The largely uncontested relevant facts were discussed at length in Magistrate Judge Wall's R&R and will be amplified in the Court's discussion only to the extent necessary.

DISCUSSION

A court may adopt those portions of a report and recommendation to which the parties do not object and with which the court finds no clear error. See Fed. R. Civ. P. 72(b); see also Grassia v. Scully, 892 F.2d 16, 19 (2d Cir. 1989). However, the district court applies a de novo standard of review to those parts of the report to which any party objects. See Fed. R. Civ. P. 72(b). Although the School Defendants submit that the Court should apply a clearly erroneous standard in reviewing Judge Wall's R&R because plaintiffs failed to submit "proper objections," see Reply to Objections at 1, plaintiffs, albeit minimally, adequately point to specific sections of Judge Wall's R&R to which they object. Accordingly, the Court reviews the R&R under a de novo standard. See United States v. Tortora, 30 F.3d 334, 338 (2d Cir. 1994). The Court considers such objections and may accept, reject, or modify the recommended decision. See Fed. R. Civ. P. 72(b).

Plaintiffs make the following four objections to the Magistrate Judge's R&R: (1) the Magistrate Judge erred in limiting its state action finding to Coonelly's report of the May 9, 2002 incident of alleged child abuse to CPS; (2) the Magistrate Judge failed to properly apply the summary judgment standard to plaintiffs' due process and equal protection claims; (3) the Magistrate Judge erred in finding no material facts were in dispute as to whether the School Defendants acted in bad faith, with malice or negligence in the reporting of plaintiffs to CPS; and (4) the Magistrate Judge erred in finding qualified immunity where the underlying material issues relating to intent, racial animus or motive were in dispute.
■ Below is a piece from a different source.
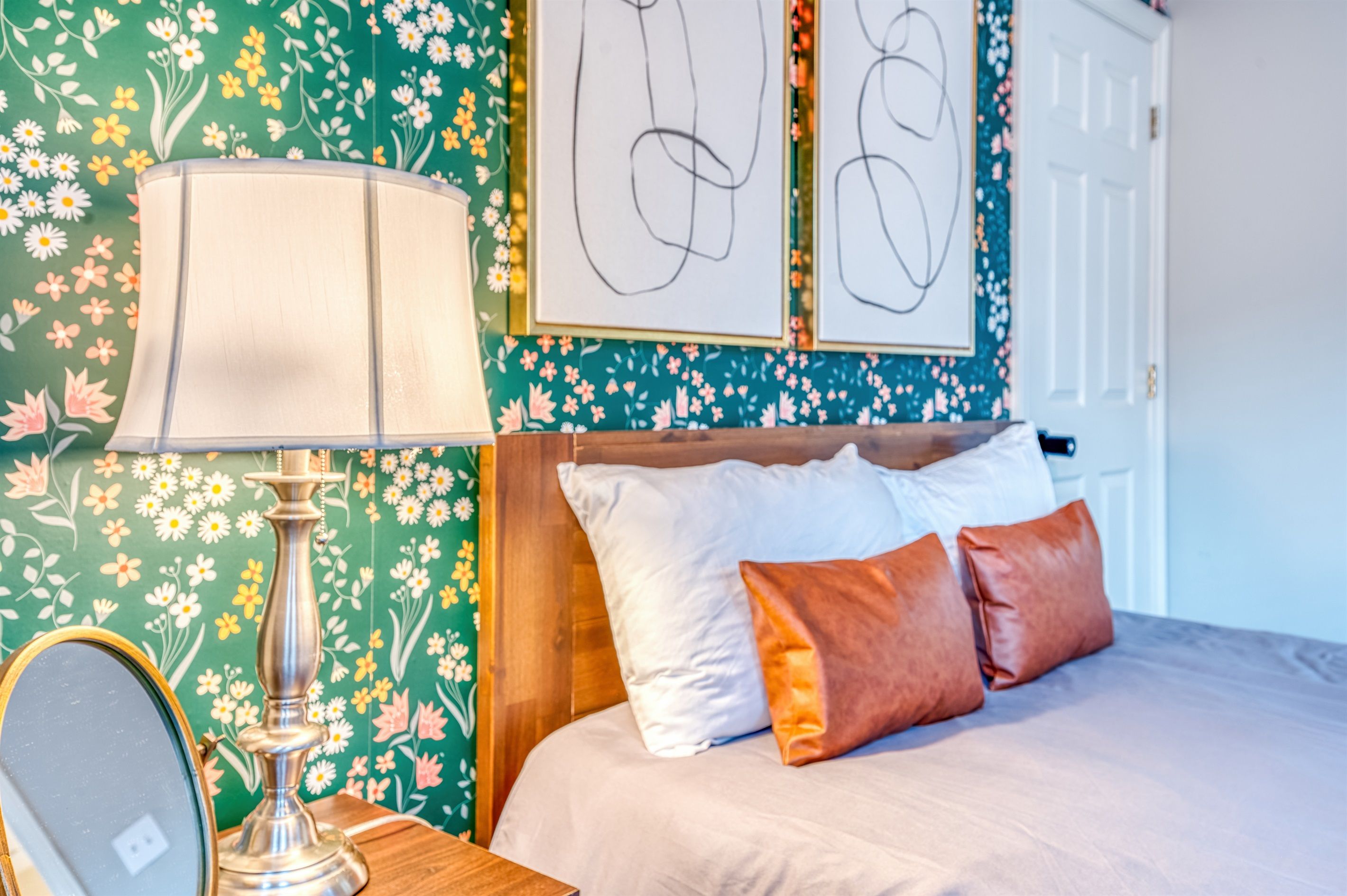 A bedroom with a bed, pillows, a lamp, a mirror, and floral wallpaper.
See Objections at 2.

I. State Action

Plaintiffs contend that Judge Wall "erroneously limited the scope [of his finding of state] action to Coonelly's call to CPS." See Objections at 3. Specifically, plaintiffs contend that Finkelstein and the Day School were also state actors because Finkelstein conducted "investigatory" questioning of TC, "agreed with and approved Coonelly's actions of reporting the incident to CPS," and was involved in the CPS investigation, when she insisted that the senior caseworker McCray question TC. See Objections at 4. The Court disagrees with plaintiffs and further disagrees with the magistrate judge to the extent that he concluded that any of the School Defendants were state actors under the facts and circumstances of this case.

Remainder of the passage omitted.